В течение четырех лет Маркхэм служил окружным следователем Нью-Йорка, и в это время он много раз обращался к Вэнсу за советами в важнейших делах, и Вэнс ни разу не обманул доверия к своей способности правильно мыслить и схватывать все на лету. Действительно, Вэнс раскрыл большое количество крупных преступлений, случившихся за период четырехлетнего пребывания Маркхэма на его посту. Знание человеческой природы, большая начитанность, интеллект, острота логической мысли, чутье к скрытой под личиной истине делали Вэнса в высшей степени пригодным к работе сыщиком. Он выполнял ее неофициально, по доброй воле участвуя в уголовных делах, которые вел Маркхэм.

Поэтому нет ничего удивительного в том, что в «Деле Епископа» Маркхэм с самого начала обратился к Вэнсу. Я заметил, что в расследовании крупных преступлений Маркхэм особенно полагался на помощь друга. Данный случай – не исключение, потому что только благодаря опыту Вэнса и его глубокому знанию ненормальных проявлений человеческого разума нью-йоркской полиции удалось раскрыть страшный, безумный замысел и узнать, кто его спланировал и осуществил.

– Может, все это просто мистификация, – сказал Маркхэм без всякой, впрочем, убежденности. – Но я подумал, что, вероятно, ты захочешь размяться…

– О, конечно! – саркастически улыбнулся Вэнс. – Я уже соскучился по настоящему делу. Присядь на минутку и изложи мне подробно всю историю. Труп ведь не убежит.
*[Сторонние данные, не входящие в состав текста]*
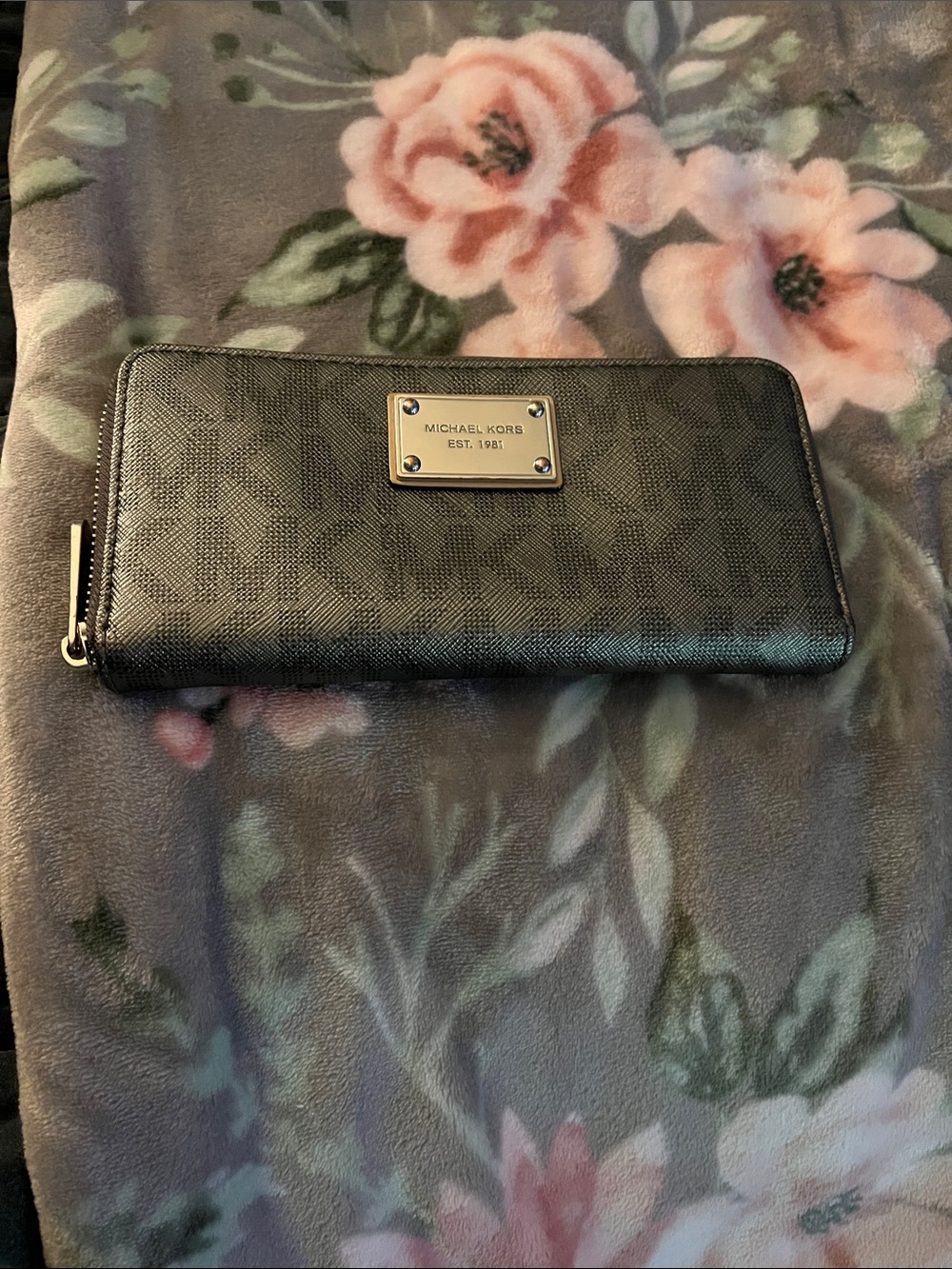 Michael Kors Black MK Logo Zip-Around Wallet with Gold Plaque - Picture 2 of 5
И гораздо лучше привести в порядок все нам известное, прежде чем заняться остальным. Кто является, например, сторонами в этом преступлении? И почему к следователю обратились уже через час после смерти жертвы? Все, что ты мне говорил по телефону, кажется какой-то нелепицей.
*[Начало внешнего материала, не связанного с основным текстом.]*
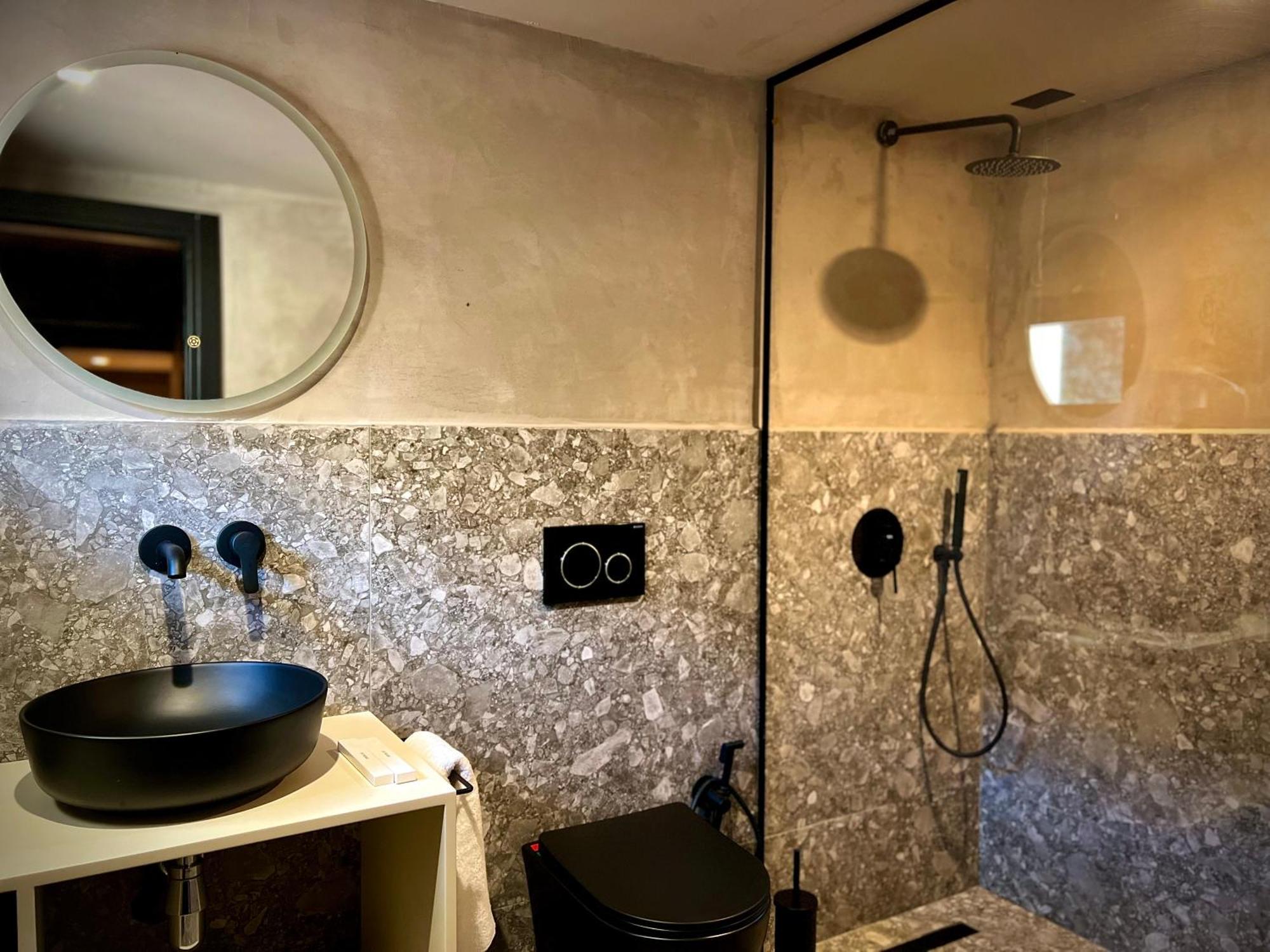 Rex Hotel Boutique 地拉那 外观 照片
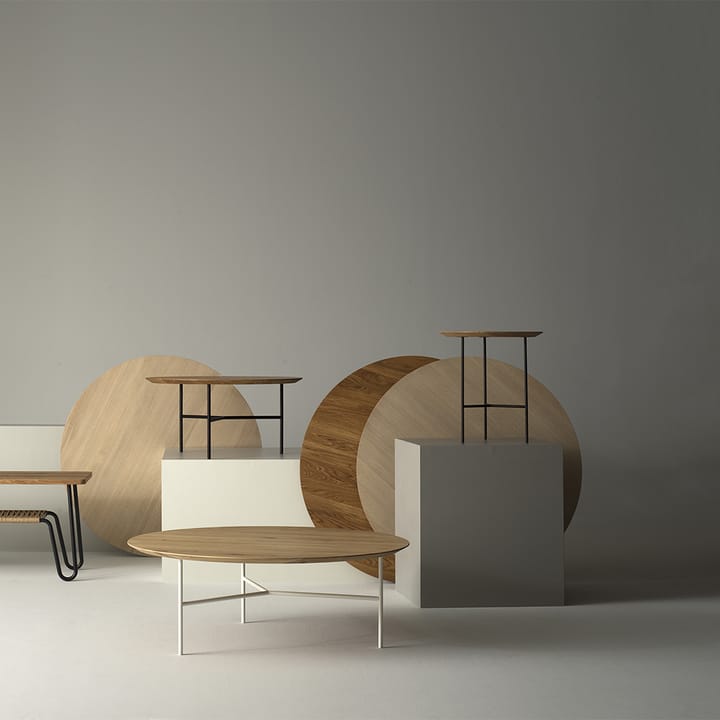 Tribeca mesa lateral , carvalho verniz, pernas pretas, ø47 cm Mavis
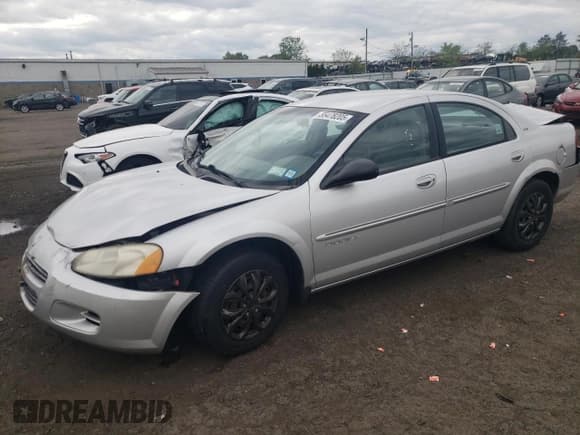 ✅ 2001 Dodge Stratus SE • VIN: 1B3EJ46U61N522786 • Lot: 55478205. Wystawiony na Copart z przebiegiem 88 051 mil. Bezpłatny archiwum sprzedaży aukcyjnych z USA i szczegółowy raport historii pojazdu na DreamBid. Zdjęcie 1.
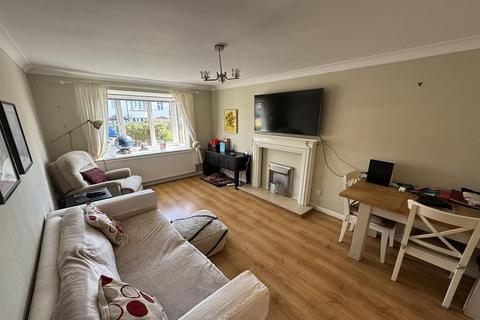 1 bedroom flat for sale, Kingswood Lodge, SS9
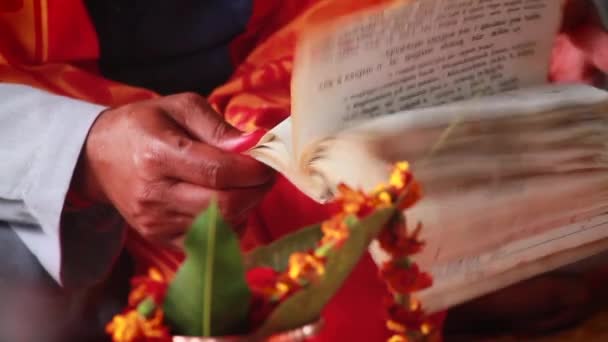 Hindu Brahman Beten Während Puja Lesen Mantra Für Hochzeit Bardia — Stockvideo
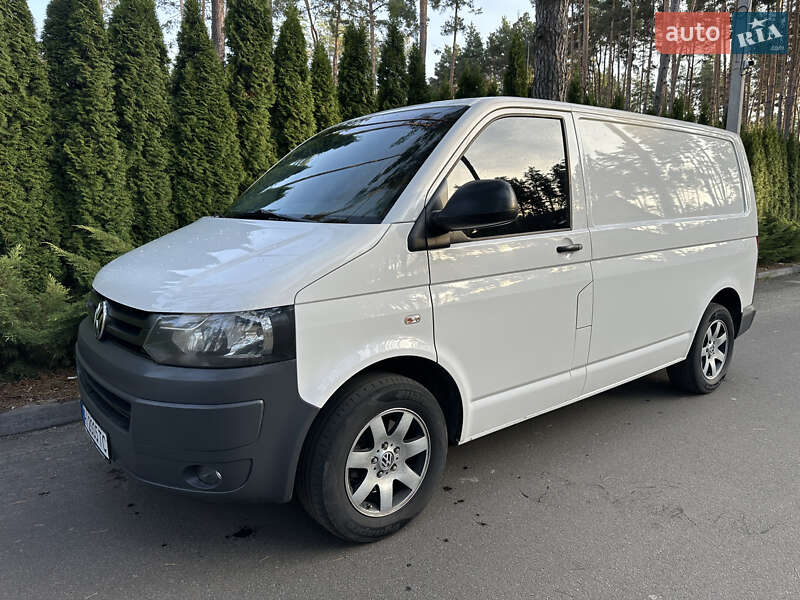 Вантажний фургон Volkswagen Transporter 2011 в Києві фото 2 Вантажний фургон Volkswagen Transporter 2011 в Києві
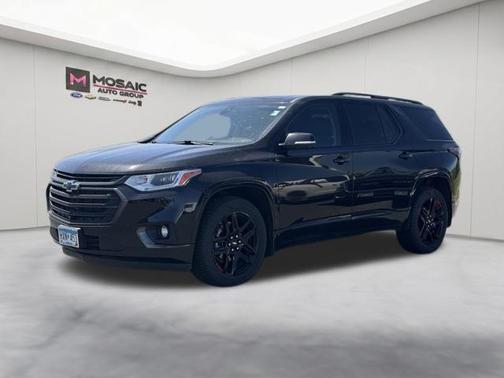 Mosaic Black Metallic 2020 Chevrolet Traverse Premier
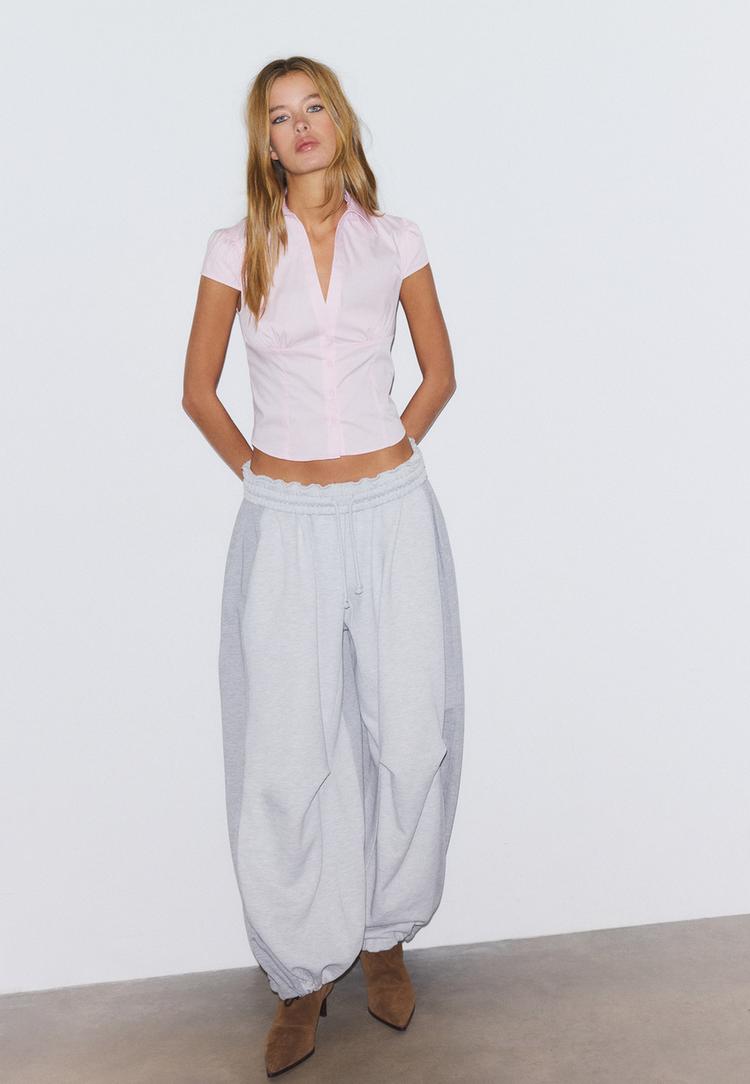 Stradivarius Εφαρμοστό Πουκάμισο Με Κοντό Μανίκι Παστέλ Ροζ M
Маркхэм в раздумье сел на край стула и внимательно осмотрел кончик своей сигары.

– Черт возьми, Вэнс, не делай из этого Удольфской тайны. Тут не готический роман. Преступление вполне ясное. Способ убийства, конечно, необычный, но в последнее время стрельба из лука вошла в моду. В каждом городе, в каждом колледже упражняются в этом виде спорта.

– Полностью согласен. Но Робинов убивали из лука в очень отдаленные времена.

Маркхэм прищурился и испытующе посмотрел на Вэнса.

– Тебе тоже пришло это в голову?

– А как же? Эта мысль вспыхнула в моем мозгу в ту минуту, как ты назвал имя погибшего. – Вэнс несколько раз затянулся. – Кто Кок-Робина убил? Причем стрелой из лука?! Удивительно, как стихи, заученные еще в детстве, долго держатся в памяти. Между прочим, назови мне имя мистера Робина.

– Кажется, Джозеф.

– Не слишком назидательно и невнушительно. А второе имя?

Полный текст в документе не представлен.